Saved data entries
• • •

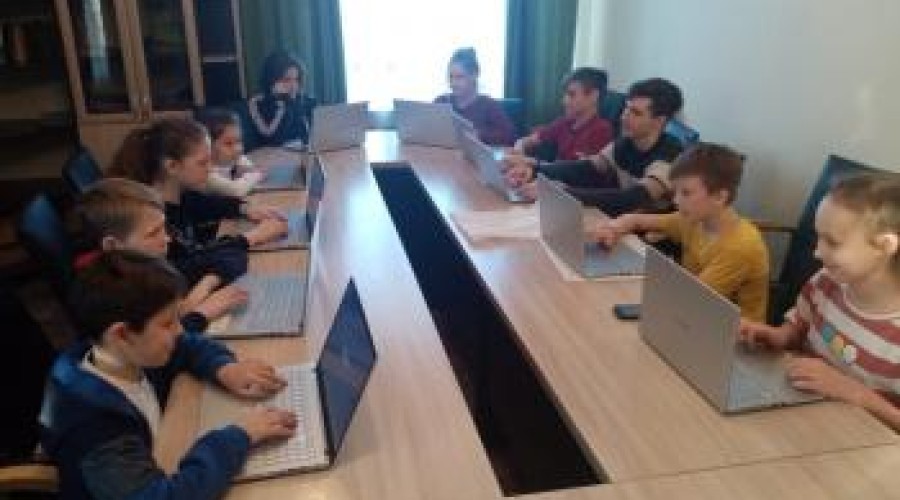 «Казцинк» приобрел ноутбуки для обучения детей, оказавшихся в трудной ситуации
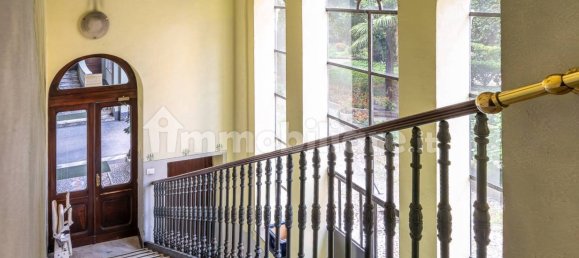 5 bedrooms Apartment in Turin, Italy No. 336304 6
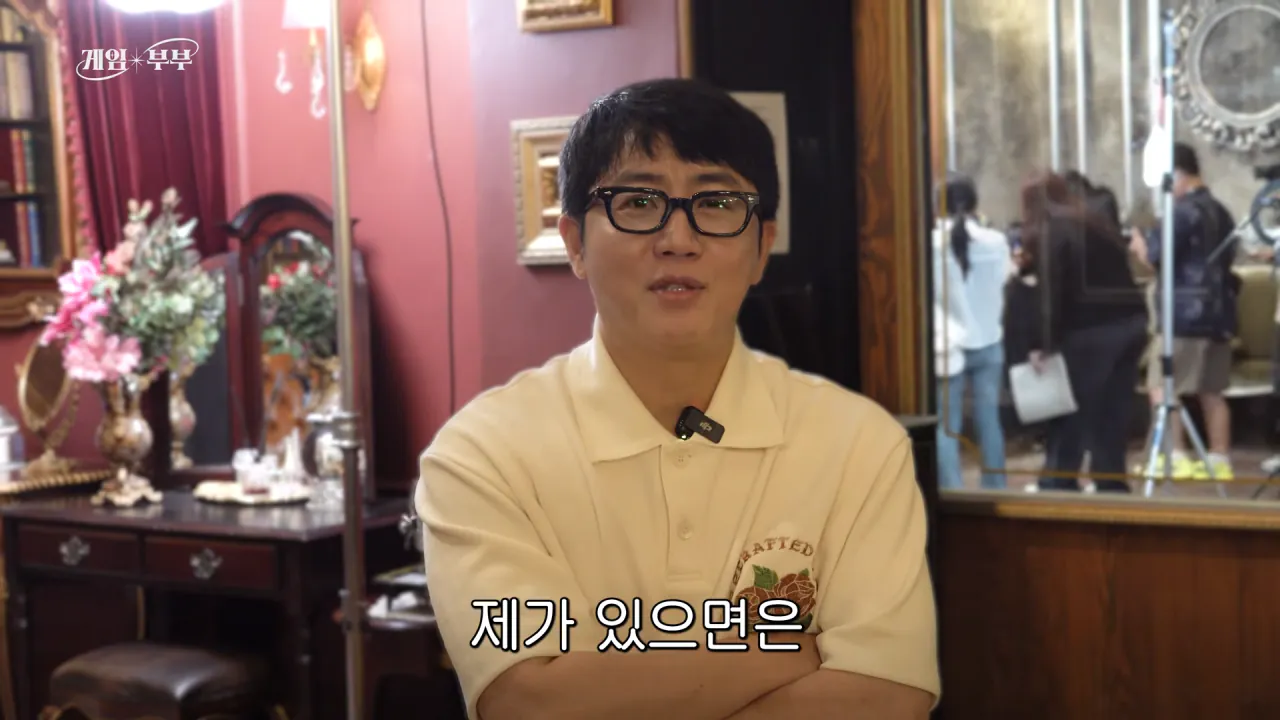 “정상적인 가족 아냐“ 도파민에 미친 부부 (김가연, 임요환, 홍진호, 페이커, 예비사위) 4-2 screenshot.png 임요환 가족과 가족사진 함께 찍게된 홍진호 ㅋㅋㅋㅋㅋㅋ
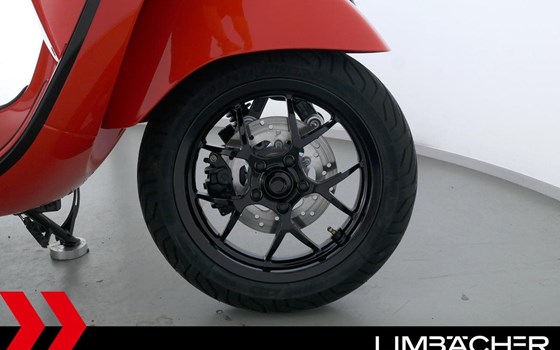 Gebrauchtmotorrad Vespa GTS 300 Super Sport - Bild 14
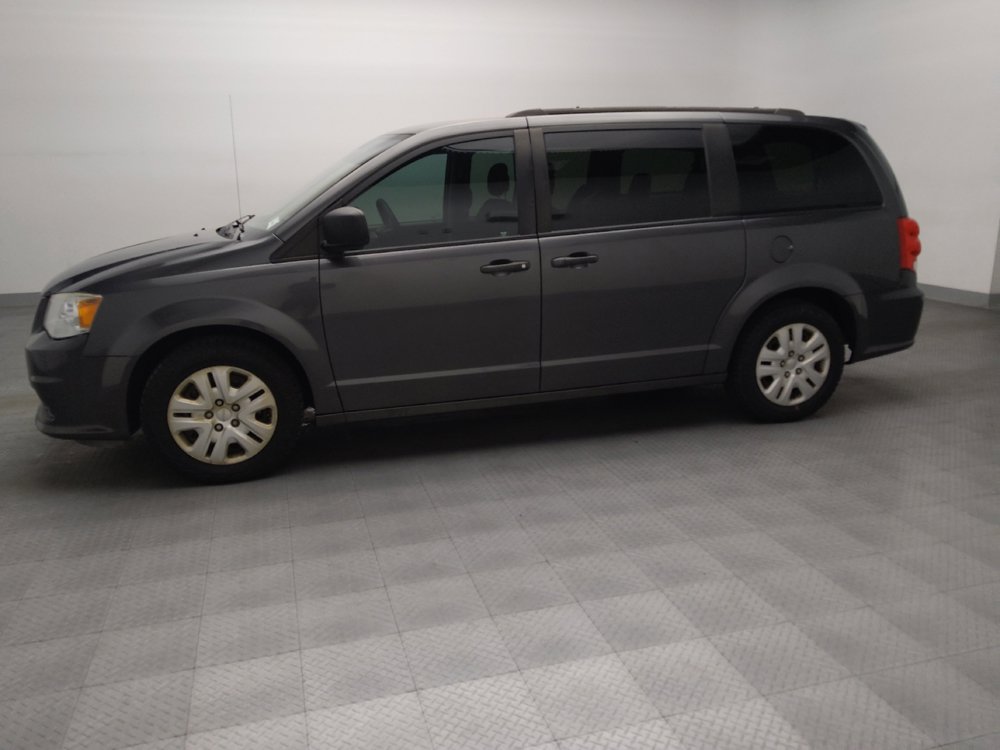 Used 2019 Dodge Grand Caravan SE w/ UConnect Hands-Free Group FWD image 2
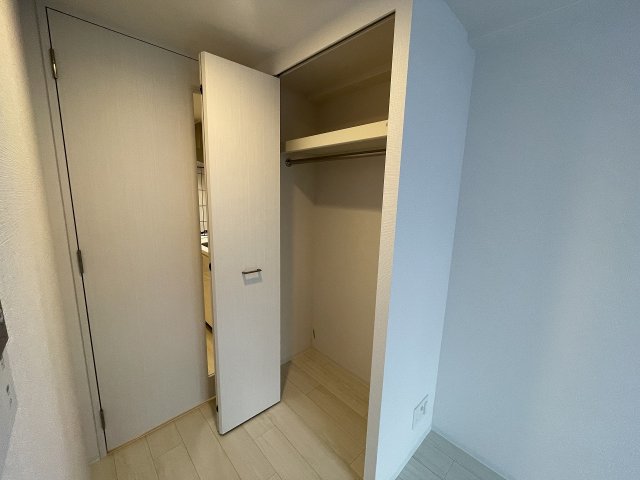収納　モデル写真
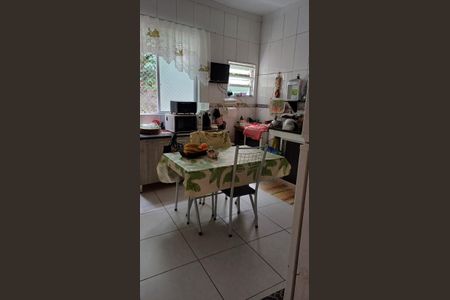 3_photo/94ce03628d.c6267d18045375b9-ATLAS-241f6bfc-e242-4b58-a989-2ee24b3789a3.jpg de casa à venda com 4 quartos, 300m² em Jabaquara, Santos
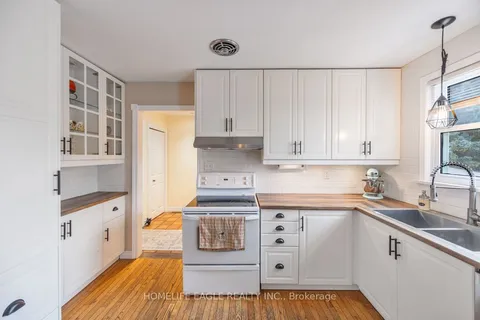 19280 Dufferin Street, ON L3Y 4V9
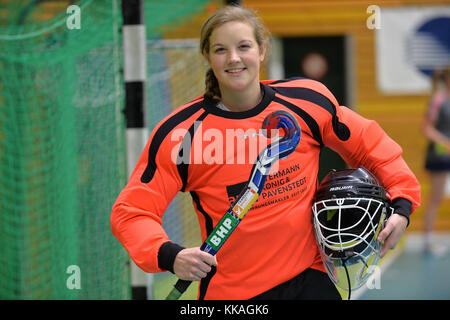 Brema, Germania. 28 novembre 2017. Chantal Bausch posa in un centro sportivo al "Club zur Vahr" di Brema, Germania, 28 novembre 2017. La giovane portiere con un cuore donatore pratica qui con la sua squadra di hockey regionale. Dopo il trapianto di cuore, vive una vita quasi normale. Partecipa alle competizioni e decide, di vivere consapevolmente felice - perché porta sempre il pensiero che la sua vita possa finire da un momento all'altro. Credito: Michael Bahlo/dpa/Alamy Live News Foto Stock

• • •

YOUR INSTRUCTIONS
Restate word for word the lines of the data above that begin at the line with "Gebrauchtmotorrad Vespa GTS" and end at the line with "19280 Dufferin Street, ON L3Y 4V9", keeping both ends and dropping every picture.

YOUR SOLUTION
 Gebrauchtmotorrad Vespa GTS 300 Super Sport - Bild 14
 Used 2019 Dodge Grand Caravan SE w/ UConnect Hands-Free Group FWD image 2
収納　モデル写真
 3_photo/94ce03628d.c6267d18045375b9-ATLAS-241f6bfc-e242-4b58-a989-2ee24b3789a3.jpg de casa à venda com 4 quartos, 300m² em Jabaquara, Santos
 19280 Dufferin Street, ON L3Y 4V9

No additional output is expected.